Inductive logic is highly limiting. He gives an example of a turkey who is fed faithfully 1,000 days but on the 1001st day is slaughtered. The Black Swan is a "sucker's problem," for people who are too willing to draw conclusions too early and on too little information.
There is no long run (what is called "the asymptotic property" or the extension of the present into infinity). All reality is based on the short-term. The long-term is not predictable...by its very nature.
People should not pursue verification of their theories. They should pursue the debunking of their ideas. They should cull evidence to show the opposite of what they think to truly test their theories. They should strive to find evidence that would prove themselves wrong (disconfirming evidence). They should cultivate a healthy skepticism.
People tend to fall into a narrative fallacy--of over-interpreting by telling simple stories to bind unrelated facts together. People tend to reduce complexity through "dimension reduction," so they can feel in better control of complexity.
Human memory is selective and dynamic. It remembers information in a malleable way and is not fully trustworthy.

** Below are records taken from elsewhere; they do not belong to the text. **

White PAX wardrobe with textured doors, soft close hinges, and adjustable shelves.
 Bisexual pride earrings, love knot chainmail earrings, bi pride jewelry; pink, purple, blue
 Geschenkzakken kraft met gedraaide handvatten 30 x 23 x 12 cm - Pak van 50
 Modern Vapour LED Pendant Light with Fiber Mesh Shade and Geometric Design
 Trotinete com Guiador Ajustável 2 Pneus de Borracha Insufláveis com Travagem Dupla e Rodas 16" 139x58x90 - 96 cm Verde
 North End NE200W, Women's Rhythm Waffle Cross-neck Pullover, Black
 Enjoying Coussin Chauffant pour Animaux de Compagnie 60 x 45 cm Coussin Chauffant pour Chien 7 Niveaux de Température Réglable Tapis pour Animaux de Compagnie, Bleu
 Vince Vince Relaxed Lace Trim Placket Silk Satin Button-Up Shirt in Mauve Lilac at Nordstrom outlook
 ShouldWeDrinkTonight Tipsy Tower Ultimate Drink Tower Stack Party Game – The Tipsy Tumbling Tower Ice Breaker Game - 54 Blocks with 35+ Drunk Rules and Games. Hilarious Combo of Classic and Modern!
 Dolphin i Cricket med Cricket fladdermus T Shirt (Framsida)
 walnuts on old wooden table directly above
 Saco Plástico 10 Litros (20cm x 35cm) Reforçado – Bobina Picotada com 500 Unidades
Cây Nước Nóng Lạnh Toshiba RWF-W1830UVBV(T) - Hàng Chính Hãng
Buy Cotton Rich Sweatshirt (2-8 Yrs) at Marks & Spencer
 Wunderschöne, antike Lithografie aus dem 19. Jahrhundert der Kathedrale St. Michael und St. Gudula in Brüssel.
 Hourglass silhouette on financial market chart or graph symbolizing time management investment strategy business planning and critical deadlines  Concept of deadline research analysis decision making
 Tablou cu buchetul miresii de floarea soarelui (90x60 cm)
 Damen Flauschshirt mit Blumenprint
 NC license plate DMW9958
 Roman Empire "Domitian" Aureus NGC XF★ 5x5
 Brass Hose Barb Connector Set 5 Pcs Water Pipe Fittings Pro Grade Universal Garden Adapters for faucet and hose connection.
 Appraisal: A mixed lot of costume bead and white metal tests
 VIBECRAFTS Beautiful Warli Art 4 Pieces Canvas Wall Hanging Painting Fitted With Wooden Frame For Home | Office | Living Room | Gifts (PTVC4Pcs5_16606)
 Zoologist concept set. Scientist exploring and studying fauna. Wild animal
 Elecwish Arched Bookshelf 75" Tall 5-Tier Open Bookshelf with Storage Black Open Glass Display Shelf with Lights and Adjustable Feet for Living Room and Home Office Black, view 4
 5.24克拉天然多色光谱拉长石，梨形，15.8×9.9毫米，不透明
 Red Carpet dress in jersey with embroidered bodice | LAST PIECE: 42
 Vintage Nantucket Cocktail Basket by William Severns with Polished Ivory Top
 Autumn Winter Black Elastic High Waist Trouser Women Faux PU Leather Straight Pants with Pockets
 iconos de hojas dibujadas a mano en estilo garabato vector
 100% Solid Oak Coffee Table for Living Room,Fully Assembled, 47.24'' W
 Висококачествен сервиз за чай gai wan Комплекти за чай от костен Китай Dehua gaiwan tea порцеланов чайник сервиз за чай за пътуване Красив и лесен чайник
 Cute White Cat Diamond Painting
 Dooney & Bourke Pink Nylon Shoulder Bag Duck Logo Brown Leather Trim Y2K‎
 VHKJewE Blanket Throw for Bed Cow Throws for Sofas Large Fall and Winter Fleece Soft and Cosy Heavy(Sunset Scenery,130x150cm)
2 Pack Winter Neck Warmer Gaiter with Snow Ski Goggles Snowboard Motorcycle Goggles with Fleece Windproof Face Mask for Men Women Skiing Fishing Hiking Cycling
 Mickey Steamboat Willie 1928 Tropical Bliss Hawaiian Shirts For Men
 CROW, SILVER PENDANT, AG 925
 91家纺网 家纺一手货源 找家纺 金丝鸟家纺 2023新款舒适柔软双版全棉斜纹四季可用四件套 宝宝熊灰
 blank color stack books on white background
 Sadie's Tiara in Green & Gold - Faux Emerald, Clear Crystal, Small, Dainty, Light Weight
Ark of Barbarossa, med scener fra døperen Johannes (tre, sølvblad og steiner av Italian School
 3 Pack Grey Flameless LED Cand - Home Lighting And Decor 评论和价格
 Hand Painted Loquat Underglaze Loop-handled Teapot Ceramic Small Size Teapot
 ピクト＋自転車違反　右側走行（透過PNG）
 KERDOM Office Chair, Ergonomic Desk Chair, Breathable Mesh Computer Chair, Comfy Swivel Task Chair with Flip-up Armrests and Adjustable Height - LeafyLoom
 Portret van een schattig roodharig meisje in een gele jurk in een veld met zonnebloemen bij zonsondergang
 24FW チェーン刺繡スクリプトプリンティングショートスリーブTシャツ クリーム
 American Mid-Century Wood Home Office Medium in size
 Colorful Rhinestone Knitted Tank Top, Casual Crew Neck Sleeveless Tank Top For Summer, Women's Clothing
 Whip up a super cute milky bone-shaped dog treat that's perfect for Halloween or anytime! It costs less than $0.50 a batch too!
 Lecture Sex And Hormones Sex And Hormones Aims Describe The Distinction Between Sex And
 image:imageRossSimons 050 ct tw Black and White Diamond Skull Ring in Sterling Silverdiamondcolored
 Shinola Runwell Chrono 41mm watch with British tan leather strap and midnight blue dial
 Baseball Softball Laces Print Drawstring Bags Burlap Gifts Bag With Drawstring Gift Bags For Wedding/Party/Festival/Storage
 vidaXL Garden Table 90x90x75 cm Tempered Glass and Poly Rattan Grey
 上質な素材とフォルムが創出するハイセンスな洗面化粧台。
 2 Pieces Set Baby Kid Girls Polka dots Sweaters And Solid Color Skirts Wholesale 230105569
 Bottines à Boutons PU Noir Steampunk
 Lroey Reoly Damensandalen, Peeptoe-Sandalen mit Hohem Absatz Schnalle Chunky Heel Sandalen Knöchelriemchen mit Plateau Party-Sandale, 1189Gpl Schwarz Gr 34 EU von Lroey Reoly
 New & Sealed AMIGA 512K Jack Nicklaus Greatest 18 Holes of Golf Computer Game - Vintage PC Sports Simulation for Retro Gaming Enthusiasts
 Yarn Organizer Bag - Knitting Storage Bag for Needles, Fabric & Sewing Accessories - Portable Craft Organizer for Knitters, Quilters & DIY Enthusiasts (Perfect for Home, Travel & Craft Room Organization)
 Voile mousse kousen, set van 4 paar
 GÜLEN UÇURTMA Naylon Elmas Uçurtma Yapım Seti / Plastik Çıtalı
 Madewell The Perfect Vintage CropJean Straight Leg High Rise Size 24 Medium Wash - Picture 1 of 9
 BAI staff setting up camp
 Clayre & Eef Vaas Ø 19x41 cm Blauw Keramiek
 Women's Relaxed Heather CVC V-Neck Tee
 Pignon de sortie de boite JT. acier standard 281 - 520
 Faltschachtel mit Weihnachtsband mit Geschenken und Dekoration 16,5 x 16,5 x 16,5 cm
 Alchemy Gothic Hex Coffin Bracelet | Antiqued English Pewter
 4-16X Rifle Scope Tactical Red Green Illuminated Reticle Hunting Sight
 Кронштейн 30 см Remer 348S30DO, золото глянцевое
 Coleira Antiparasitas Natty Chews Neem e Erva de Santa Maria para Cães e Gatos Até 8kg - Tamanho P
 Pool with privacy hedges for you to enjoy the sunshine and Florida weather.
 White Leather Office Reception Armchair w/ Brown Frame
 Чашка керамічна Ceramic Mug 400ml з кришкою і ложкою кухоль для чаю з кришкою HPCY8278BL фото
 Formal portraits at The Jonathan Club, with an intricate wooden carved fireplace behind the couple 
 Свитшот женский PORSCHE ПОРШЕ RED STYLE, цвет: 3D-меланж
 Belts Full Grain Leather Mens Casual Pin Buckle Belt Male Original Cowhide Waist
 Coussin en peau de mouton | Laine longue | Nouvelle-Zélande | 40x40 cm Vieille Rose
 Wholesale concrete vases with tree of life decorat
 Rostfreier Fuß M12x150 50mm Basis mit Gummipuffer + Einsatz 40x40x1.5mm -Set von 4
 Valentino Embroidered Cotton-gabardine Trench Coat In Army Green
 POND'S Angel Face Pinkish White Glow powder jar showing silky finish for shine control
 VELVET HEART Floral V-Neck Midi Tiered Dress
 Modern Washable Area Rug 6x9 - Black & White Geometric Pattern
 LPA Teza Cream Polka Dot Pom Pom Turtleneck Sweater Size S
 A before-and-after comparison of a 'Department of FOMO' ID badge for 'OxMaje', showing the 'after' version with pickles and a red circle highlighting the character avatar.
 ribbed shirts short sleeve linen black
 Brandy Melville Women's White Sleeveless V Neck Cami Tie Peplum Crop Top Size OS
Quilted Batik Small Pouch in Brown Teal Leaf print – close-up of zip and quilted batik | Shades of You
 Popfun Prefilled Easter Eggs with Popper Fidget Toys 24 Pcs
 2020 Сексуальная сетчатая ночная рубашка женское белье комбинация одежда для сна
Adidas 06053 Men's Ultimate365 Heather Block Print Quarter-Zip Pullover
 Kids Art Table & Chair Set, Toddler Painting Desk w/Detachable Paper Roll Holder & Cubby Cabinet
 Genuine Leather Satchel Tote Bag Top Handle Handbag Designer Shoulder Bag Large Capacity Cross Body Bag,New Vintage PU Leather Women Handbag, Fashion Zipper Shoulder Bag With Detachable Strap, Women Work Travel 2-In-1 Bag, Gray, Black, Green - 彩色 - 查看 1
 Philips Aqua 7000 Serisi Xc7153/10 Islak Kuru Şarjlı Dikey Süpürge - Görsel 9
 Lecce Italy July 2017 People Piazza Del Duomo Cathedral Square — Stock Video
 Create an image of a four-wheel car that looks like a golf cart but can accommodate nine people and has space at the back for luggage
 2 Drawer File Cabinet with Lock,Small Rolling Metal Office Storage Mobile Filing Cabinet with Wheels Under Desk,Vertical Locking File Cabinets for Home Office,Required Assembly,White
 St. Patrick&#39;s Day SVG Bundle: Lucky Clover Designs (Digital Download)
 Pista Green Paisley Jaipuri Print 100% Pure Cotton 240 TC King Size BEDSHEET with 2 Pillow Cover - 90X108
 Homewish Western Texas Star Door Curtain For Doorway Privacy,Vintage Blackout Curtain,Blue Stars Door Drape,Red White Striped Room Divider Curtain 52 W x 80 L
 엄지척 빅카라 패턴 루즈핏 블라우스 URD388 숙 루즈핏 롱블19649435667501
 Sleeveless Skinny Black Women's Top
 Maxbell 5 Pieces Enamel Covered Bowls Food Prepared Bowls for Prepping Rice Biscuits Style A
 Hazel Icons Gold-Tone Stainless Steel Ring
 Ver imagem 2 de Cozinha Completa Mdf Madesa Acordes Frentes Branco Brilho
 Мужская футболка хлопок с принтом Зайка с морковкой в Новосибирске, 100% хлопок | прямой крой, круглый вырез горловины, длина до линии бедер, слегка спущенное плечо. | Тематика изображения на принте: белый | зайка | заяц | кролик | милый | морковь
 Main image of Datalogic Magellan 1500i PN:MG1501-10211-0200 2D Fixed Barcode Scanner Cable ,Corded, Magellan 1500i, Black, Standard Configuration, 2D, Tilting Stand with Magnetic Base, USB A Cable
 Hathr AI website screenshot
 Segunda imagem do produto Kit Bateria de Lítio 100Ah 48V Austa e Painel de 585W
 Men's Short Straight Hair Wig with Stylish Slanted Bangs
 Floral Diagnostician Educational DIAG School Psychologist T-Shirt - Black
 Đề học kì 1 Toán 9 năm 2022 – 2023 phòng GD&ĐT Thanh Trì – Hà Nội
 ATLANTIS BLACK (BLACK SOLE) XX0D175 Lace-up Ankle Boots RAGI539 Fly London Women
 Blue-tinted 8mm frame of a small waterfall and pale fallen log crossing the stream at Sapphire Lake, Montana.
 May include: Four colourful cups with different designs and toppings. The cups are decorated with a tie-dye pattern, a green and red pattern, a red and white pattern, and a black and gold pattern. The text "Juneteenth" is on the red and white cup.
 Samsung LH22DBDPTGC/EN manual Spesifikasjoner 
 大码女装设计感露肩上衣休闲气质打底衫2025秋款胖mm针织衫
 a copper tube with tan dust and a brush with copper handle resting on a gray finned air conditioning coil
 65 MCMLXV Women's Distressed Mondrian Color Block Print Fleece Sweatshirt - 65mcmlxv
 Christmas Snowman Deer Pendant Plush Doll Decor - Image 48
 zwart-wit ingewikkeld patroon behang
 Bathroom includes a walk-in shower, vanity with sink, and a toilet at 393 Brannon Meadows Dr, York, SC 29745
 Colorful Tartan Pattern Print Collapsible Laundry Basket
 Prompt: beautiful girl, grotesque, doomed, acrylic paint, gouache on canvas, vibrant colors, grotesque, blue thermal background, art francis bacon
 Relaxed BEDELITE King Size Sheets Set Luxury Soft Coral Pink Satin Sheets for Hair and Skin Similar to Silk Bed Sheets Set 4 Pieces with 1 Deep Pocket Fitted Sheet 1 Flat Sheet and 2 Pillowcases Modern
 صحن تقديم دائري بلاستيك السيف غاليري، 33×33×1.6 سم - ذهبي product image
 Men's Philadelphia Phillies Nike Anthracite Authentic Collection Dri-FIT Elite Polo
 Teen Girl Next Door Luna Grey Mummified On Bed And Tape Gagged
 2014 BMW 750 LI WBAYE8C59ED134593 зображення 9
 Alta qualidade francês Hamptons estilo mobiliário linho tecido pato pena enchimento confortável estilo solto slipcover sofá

Not Bell Curves: Taleb calls the use of "Gaussian bell curves" a kind of "reductionism of the deluded." The bell curve exists in a theoretical space, not in the real; it does not exist outside the Gaussian family. A "random walk" considers possibilities, but it has severe limits--the limits of the analytical framework.

not

(A fractal by Wolfgang Beyer, released through Creative Commons licensure; a generic bell curve or "normal distribution")

The Limits of Mathematization

"Furthermore, assuming chance has anything to do with mathematics, what little mathematization we can do in the real world does not assume the mild randomness represented by the bell curve, but rather scalable wild randomness. What can be mathematized is usually not Gaussian, but Mandelbrotian." (Taleb, 2010, p. 128)

Fractals and Mandelbrotian Randomness

" Fractal Is a word Mandelbrot coined to describe the geometry of the rough and broken—from the Latin fractus, the origin of fractured. Fractality is the repetition of geometric patterns at different scales, revealing smaller and smaller versions of themselves. Small parts resemble, to some degree, the whole." (Taleb, 2010, p. 257)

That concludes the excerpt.